ML, Cybersecurity, CAN, ISO 11898, IDS, Automotive
Developing an Intrusion detection System (IDS) for Control Area Networks (CAN) using Machine Learning based on Real Life Traffic Datasets
Abstract
Modern vehicles rely on Controller Area Networks (CAN) buses for in-vehicle communication. CAN protocol is reliable and safe, but not a secure communication protocol, making it vulnerable to security threats. This thesis presents a modular Intrusion Detection System (IDS) architecture using Machine Learning (ML) based on real-world traffic datasets consisting of two modules: Detector and Classifier. It was identified that in real-world scenarios, the attack traffic is scarce when compared to benign traffic – making it difficult for ML algorithms to learn attack patterns for detection and classification. The proposed IDS architecture implements sliding windows to capture the time dependency of attack traffic to detect and classify attack patterns in CAN traffic. This study uses a reference dataset containing data collected in real-time from vehicle manufacturers Chevrolet and Subaru. It evaluates the performance of the IDS to observe how effectively it detects an attack and classifies it to the correct attack type, among many, such as denial of service, spoofing, fuzzing attacks, etc. It also evaluates the proposed IDS on its consistency and generalisation in detecting attacks over different vehicles CAN traffic and varying attack types in the reference dataset. This thesis also emphasises the use of sliding windows implementation during training, about how it affects the performance of the IDS. It was observed that the proposed IDS was effective in detecting the attacks with up to 94% true positive rate, and partially robust in classifying the attacks into the correct categories, only classifying the attacks consistently with known vehicles, and attack types that the IDS has seen during training. We also provide a modular architecture that can be expanded and further improved upon for future work.

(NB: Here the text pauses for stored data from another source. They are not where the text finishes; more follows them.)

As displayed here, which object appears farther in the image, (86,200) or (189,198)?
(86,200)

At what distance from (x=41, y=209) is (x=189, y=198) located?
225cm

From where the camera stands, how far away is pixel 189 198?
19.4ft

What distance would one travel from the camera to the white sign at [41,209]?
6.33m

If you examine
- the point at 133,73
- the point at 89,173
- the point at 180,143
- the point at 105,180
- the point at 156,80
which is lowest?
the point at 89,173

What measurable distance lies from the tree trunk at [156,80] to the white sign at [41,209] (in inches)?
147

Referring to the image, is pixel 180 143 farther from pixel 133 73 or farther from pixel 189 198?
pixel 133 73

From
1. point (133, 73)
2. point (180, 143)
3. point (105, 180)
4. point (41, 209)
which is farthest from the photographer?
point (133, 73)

Keywords: Controller Area Networks, CAN, Intrusion Detection System, Machine Learning, Real-World Datasets, Classifier, Detector, Chevrolet, Subaru
Dataset Used
can-train-and-test: A curated CAN dataset for automotive intrusion detection https://doi.org/10.1016/j.cose.2024.103777
- 91,827,504 benign samples; 74,183,508 attack samples; total 166,011,012 samples.
- 11 types of attacks: DoS, Gear spoofing, Interval, RPM spoofing, Speed spoofing, Standstill, Systematic, Suppress, and Masquerade.
- 4 different vehicles and 6 drivers of various ages and genders.
- Data (benign & attack) collected live, on-the-road from OBD (on-board diagnostics) port.
- High severity attacks on RPM, Speed, gear (double and triple signal modification).
- Labeled dataset.
What I Learned
Through this project, I learned how to work independently, effectively managing my responsibilities as a working student while balancing university studies along with being dedicated to the project. This experience taught me to be analytical, accountable and reliable, ensuring that I could meet all deadlines and deliver high-quality work despite the demands of multiple commitments.